Got these weird emails:
From: Cron Daemon <root@tools.wmflabs.org> To: prometheus@tools.wmflabs.org Subject: Cron <prometheus@tools-sgeexec-0908> /usr/local/bin/prometheus-local-crontabs Date: Sat, 28 Nov 2020 22:39:20 +0000 /usr/local/bin/prometheus-local-crontabs: line 27: 10211 Segmentation fault /usr/bin/sudo -u root /bin/ls -1 /var/spool/cron/crontabs/
To: root@tools.wmflabs.org Subject: *** SECURITY information for tools-sgeexec-0908.tools.eqiad.wmflabs *** From: "Prometheus daemon,,," <prometheus@tools.wmflabs.org> Date: Sat, 28 Nov 2020 22:39:20 +0000 tools-sgeexec-0908.tools.eqiad.wmflabs : Nov 28 22:39:20 : prometheus : problem with defaults entries ; TTY=unknown ; PWD=/var/lib/prometheus ; USER=root ;
To: root@tools.wmflabs.org Subject: *** SECURITY information for tools-sgeexec-0908.tools.eqiad.wmflabs *** From: "Prometheus daemon,,," <prometheus@tools.wmflabs.org> Date: Sat, 28 Nov 2020 22:39:20 +0000 tools-sgeexec-0908.tools.eqiad.wmflabs : Nov 28 22:39:19 : prometheus : problem with defaults entries ; TTY=unknown ; PWD=/var/lib/prometheus ; USER=root ;
I can't SSH in, from my laptop (via bastion), via cumin, or via clush. It just sits there waiting. Even as root. 0907 and 0909 are fine.
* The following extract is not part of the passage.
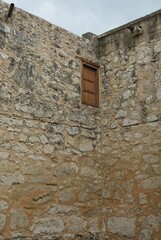 Limestone block and mud wall construction of the Alamo upper shuttered window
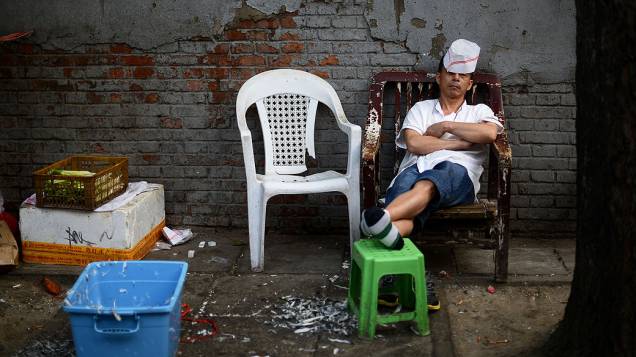 Cozinheiro descansa fora de um restaurante em Pequim. A China teve uma redução do crescimento econômico em comparação com o ano passado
Hypervisor is cloudvirt1031.eqiad.wmnet, I checked and I can SSH to other stuff running there okay.
Prometheus data has stopped abruptly: https://prometheus.wmflabs.org/cloud/graph?g0.range_input=1d&g0.end_input=2020-11-28%2023%3A27&g0.expr=node_cpu_seconds_total%7Bproject%3D%22tools%22%2C%20instance%3D%22tools-sgeexec-0908%22%7D&g0.tab=0
krenair@tools-sgegrid-master:~$ qhost -j -h tools-sgeexec-0908.tools.eqiad1.wikimedia.cloud HOSTNAME ARCH NCPU NSOC NCOR NTHR LOAD MEMTOT MEMUSE SWAPTO SWAPUS ---------------------------------------------------------------------------------------------- global - - - - - - - - - - tools-sgeexec-0908.tools.eqiad.wmflabs lx-amd64 4 4 4 4 - 7.8G - 23.9G - job-ID prior name user state submit/start at queue master ja-task-ID ---------------------------------------------------------------------------------------------- 835100 0.31545 start tools.usrd-t Rr 09/18/2020 00:50:04 continuous MASTER 85368 0.31456 musescore- tools.archiv r 09/19/2020 00:05:12 continuous MASTER 556629 0.30394 AnomieBOT- tools.anomie r 09/30/2020 16:11:53 continuous MASTER 1302687 0.28747 KTtrwiki tools.ket-bo Rr 10/29/2020 17:25:15 continuous MASTER 3229812 0.25007 ewimage aka r 11/28/2020 21:06:08 task@tools MASTER krenair@tools-sgegrid-master:~$
I rescheduled the 4 continuous jobs with qmod -rj <jid> on tools-sgegrid-master.
qstat -f -explain a shows
task@tools-sgeexec-0908.tools. BI 0/1/50 -NA- lx-amd64 au error: no value for "np_load_avg" because execd is in unknown state continuous@tools-sgeexec-0908. BC 0/0/50 -NA- lx-amd64 au error: no value for "np_load_avg" because execd is in unknown state
(nothing else has a state or NA for load avg)
Will leave it running instead of attempting a reboot as there's a non-continuous user job there by @Aka that seems to be functioning in some way (writing to NFS), and leave this ticket for someone to look at on Monday. I figure SGE won't try to schedule anything new there while it's in alarm/unreachable state.